● **EXERCISE**:
Please repeat the records exactly from their first line, finishing at the line containing "an empty living" and including it.

#### DATA FOR REVIEW ####

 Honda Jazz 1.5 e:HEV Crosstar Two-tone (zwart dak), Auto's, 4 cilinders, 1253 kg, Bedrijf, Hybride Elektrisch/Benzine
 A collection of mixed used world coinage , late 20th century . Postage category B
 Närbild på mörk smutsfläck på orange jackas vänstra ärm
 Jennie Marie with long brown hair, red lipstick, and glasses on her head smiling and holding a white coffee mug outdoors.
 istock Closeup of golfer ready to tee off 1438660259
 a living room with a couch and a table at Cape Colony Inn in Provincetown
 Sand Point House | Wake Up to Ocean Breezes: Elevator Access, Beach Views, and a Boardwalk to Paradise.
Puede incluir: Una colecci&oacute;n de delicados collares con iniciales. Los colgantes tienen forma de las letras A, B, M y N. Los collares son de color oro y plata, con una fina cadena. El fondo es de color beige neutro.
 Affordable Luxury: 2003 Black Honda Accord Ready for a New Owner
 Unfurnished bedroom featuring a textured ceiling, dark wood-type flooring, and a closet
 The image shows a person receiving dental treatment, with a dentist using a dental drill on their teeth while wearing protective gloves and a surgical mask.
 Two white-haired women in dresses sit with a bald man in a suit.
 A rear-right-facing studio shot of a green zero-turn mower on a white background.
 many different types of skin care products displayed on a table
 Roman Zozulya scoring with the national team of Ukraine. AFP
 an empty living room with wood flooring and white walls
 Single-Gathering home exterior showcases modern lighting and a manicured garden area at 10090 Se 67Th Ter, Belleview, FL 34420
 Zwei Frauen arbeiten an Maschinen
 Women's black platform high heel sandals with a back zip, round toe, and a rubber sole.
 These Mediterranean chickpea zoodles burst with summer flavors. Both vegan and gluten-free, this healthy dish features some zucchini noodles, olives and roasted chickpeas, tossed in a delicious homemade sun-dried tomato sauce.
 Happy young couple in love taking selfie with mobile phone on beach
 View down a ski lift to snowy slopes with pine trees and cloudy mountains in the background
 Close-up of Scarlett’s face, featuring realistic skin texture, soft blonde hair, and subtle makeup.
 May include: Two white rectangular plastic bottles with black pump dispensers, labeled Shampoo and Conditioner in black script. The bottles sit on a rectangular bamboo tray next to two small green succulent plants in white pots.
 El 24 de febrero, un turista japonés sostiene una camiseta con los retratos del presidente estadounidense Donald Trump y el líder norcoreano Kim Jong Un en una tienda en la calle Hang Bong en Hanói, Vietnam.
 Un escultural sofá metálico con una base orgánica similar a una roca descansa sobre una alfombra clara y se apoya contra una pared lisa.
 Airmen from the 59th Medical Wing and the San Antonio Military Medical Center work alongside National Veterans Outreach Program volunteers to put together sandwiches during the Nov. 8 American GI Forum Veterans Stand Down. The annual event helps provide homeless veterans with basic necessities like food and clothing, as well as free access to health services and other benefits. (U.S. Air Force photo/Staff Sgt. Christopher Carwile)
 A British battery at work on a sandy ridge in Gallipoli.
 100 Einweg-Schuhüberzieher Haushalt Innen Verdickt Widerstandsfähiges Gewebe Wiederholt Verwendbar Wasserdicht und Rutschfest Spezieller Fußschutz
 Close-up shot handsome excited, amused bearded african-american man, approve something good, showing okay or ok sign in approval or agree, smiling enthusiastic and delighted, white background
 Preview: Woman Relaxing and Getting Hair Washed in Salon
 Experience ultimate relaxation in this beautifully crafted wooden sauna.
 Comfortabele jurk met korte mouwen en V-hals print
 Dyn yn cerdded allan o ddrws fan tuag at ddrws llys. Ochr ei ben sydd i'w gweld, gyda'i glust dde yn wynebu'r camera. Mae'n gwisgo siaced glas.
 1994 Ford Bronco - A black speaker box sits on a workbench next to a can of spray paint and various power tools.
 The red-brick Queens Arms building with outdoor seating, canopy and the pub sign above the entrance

####

● **ANSWER FOR THIS EXERCISE**:
 Honda Jazz 1.5 e:HEV Crosstar Two-tone (zwart dak), Auto's, 4 cilinders, 1253 kg, Bedrijf, Hybride Elektrisch/Benzine
 A collection of mixed used world coinage , late 20th century . Postage category B
 Närbild på mörk smutsfläck på orange jackas vänstra ärm
 Jennie Marie with long brown hair, red lipstick, and glasses on her head smiling and holding a white coffee mug outdoors.
 istock Closeup of golfer ready to tee off 1438660259
 a living room with a couch and a table at Cape Colony Inn in Provincetown
 Sand Point House | Wake Up to Ocean Breezes: Elevator Access, Beach Views, and a Boardwalk to Paradise.
Puede incluir: Una colecci&oacute;n de delicados collares con iniciales. Los colgantes tienen forma de las letras A, B, M y N. Los collares son de color oro y plata, con una fina cadena. El fondo es de color beige neutro.
 Affordable Luxury: 2003 Black Honda Accord Ready for a New Owner
 Unfurnished bedroom featuring a textured ceiling, dark wood-type flooring, and a closet
 The image shows a person receiving dental treatment, with a dentist using a dental drill on their teeth while wearing protective gloves and a surgical mask.
 Two white-haired women in dresses sit with a bald man in a suit.
 A rear-right-facing studio shot of a green zero-turn mower on a white background.
 many different types of skin care products displayed on a table
 Roman Zozulya scoring with the national team of Ukraine. AFP
 an empty living room with wood flooring and white walls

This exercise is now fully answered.